Start of MATERIAL FOR THE TASK
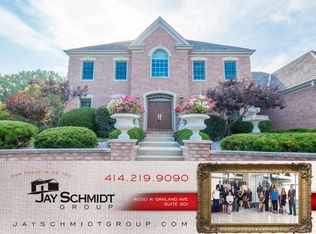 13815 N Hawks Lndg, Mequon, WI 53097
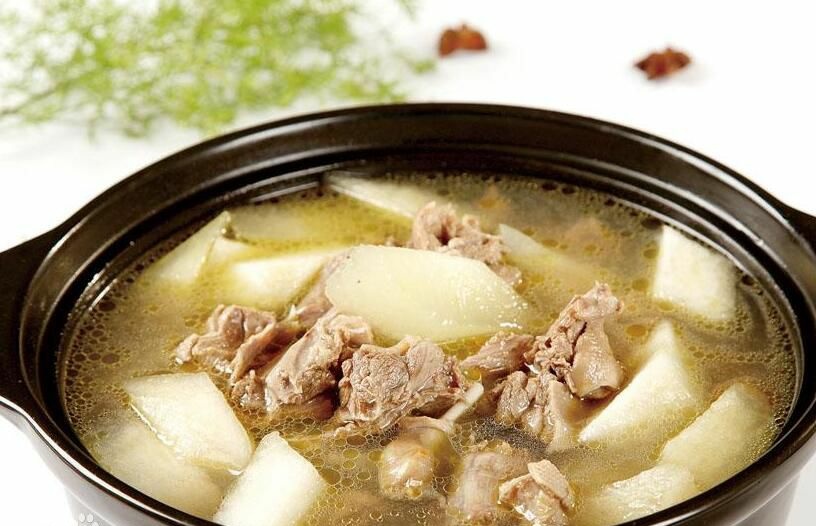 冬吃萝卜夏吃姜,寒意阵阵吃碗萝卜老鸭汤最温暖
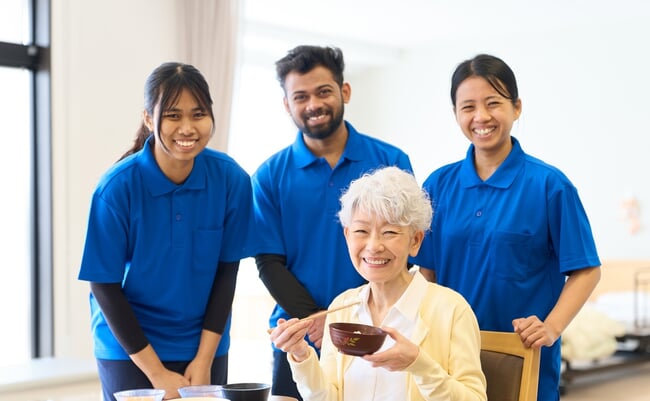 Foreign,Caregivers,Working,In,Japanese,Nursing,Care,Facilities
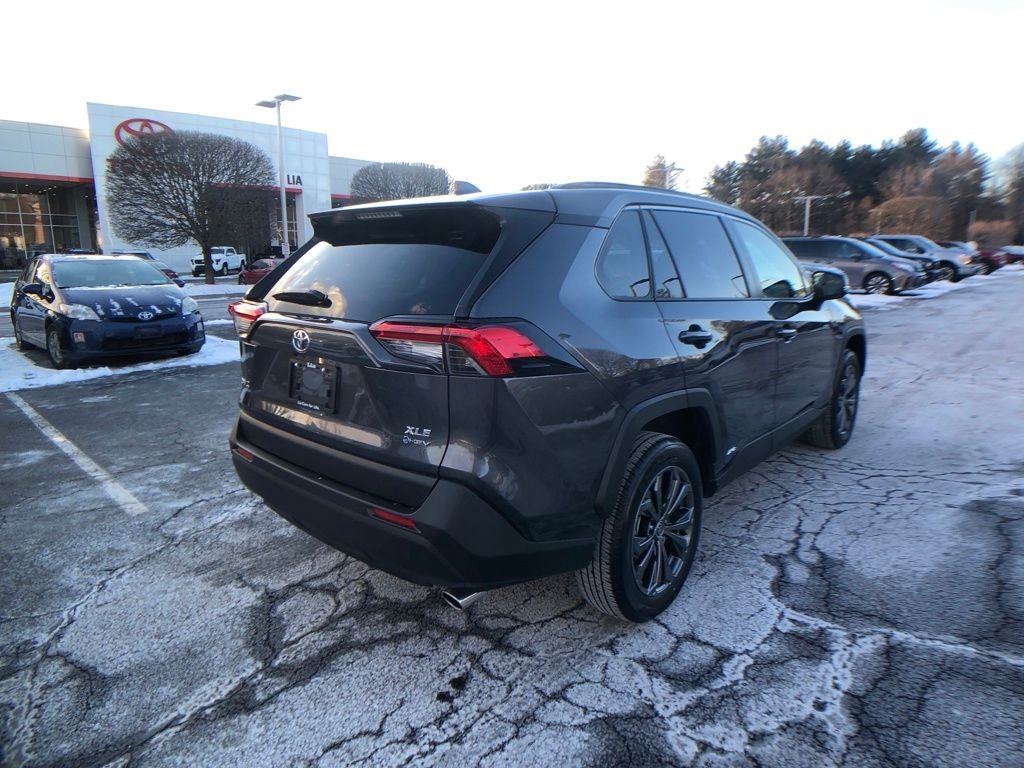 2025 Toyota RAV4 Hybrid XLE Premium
End of MATERIAL FOR THE TASK
Start of MATERIAL FOR THE TASK
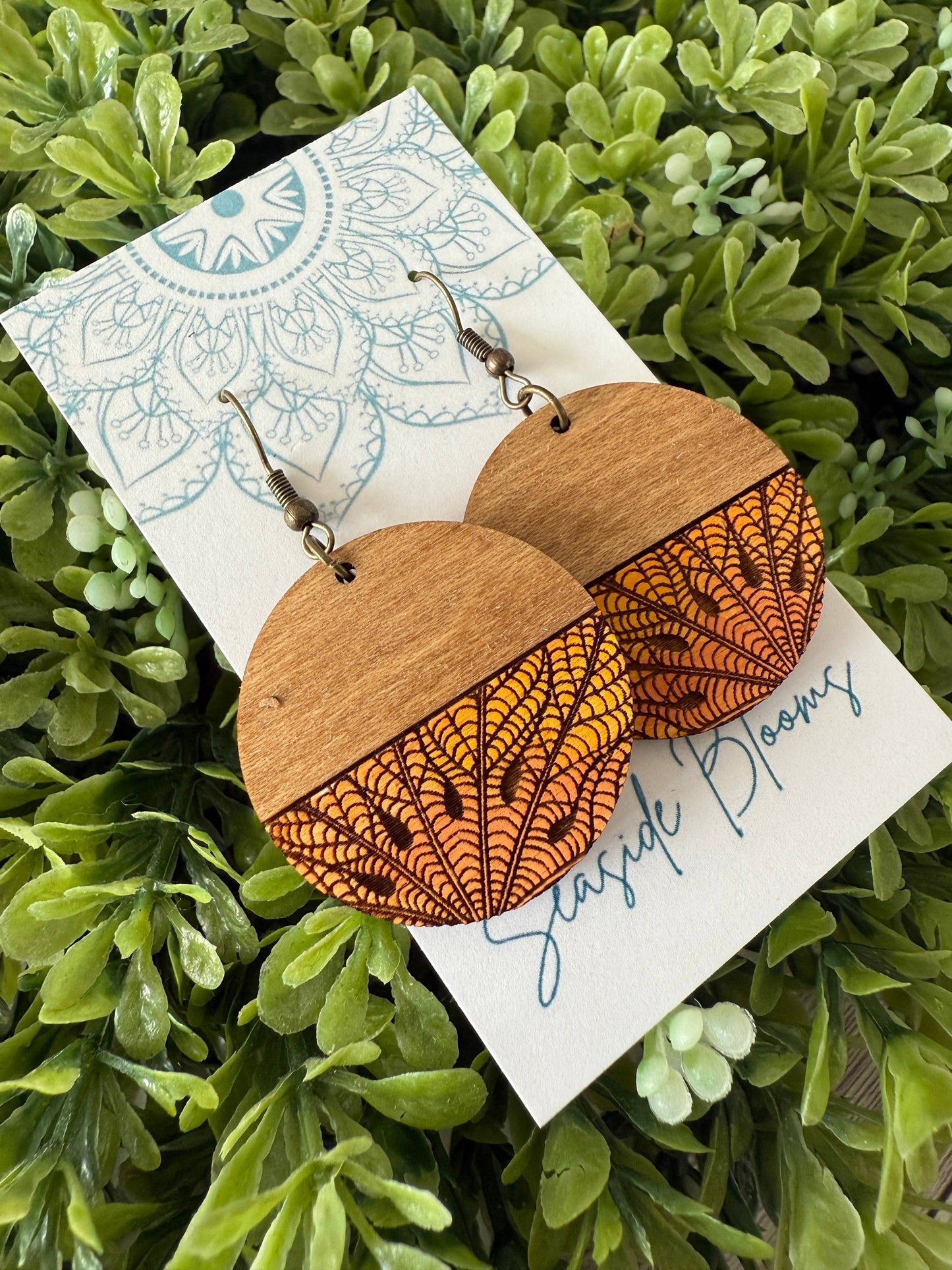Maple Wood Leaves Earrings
End of MATERIAL FOR THE TASK
TO DO: Copy word for word the lines of the records above from the one with "冬吃萝卜夏吃姜,寒意阵阵吃碗萝卜老鸭汤最温暖" up to and including the one with "2025 Toyota RAV4 Hybrid XLE Premium". Skip the pictures.

RESPONSE TO THE EXERCISE:
 冬吃萝卜夏吃姜,寒意阵阵吃碗萝卜老鸭汤最温暖
 Foreign,Caregivers,Working,In,Japanese,Nursing,Care,Facilities
 2025 Toyota RAV4 Hybrid XLE Premium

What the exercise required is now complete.